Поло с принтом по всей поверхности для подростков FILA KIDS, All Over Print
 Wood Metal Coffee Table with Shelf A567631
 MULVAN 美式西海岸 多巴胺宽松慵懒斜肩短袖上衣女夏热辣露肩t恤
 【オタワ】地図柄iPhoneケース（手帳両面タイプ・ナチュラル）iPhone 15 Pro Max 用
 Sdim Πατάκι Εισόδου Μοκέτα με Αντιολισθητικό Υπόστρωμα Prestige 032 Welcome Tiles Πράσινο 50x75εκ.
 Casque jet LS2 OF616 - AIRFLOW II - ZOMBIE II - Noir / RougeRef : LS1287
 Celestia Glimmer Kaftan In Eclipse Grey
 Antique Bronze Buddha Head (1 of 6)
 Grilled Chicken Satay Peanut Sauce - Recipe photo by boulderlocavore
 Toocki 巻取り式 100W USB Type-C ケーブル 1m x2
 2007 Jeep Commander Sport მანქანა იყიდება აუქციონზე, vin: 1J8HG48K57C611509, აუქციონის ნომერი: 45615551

**EXERCISE GOAL**
Your task is to retype all of the lines above exactly.

**SOLUTION FOR THIS EXERCISE**
Поло с принтом по всей поверхности для подростков FILA KIDS, All Over Print
 Wood Metal Coffee Table with Shelf A567631
 MULVAN 美式西海岸 多巴胺宽松慵懒斜肩短袖上衣女夏热辣露肩t恤
 【オタワ】地図柄iPhoneケース（手帳両面タイプ・ナチュラル）iPhone 15 Pro Max 用
 Sdim Πατάκι Εισόδου Μοκέτα με Αντιολισθητικό Υπόστρωμα Prestige 032 Welcome Tiles Πράσινο 50x75εκ.
 Casque jet LS2 OF616 - AIRFLOW II - ZOMBIE II - Noir / RougeRef : LS1287
 Celestia Glimmer Kaftan In Eclipse Grey
 Antique Bronze Buddha Head (1 of 6)
 Grilled Chicken Satay Peanut Sauce - Recipe photo by boulderlocavore
 Toocki 巻取り式 100W USB Type-C ケーブル 1m x2
 2007 Jeep Commander Sport მანქანა იყიდება აუქციონზე, vin: 1J8HG48K57C611509, აუქციონის ნომერი: 45615551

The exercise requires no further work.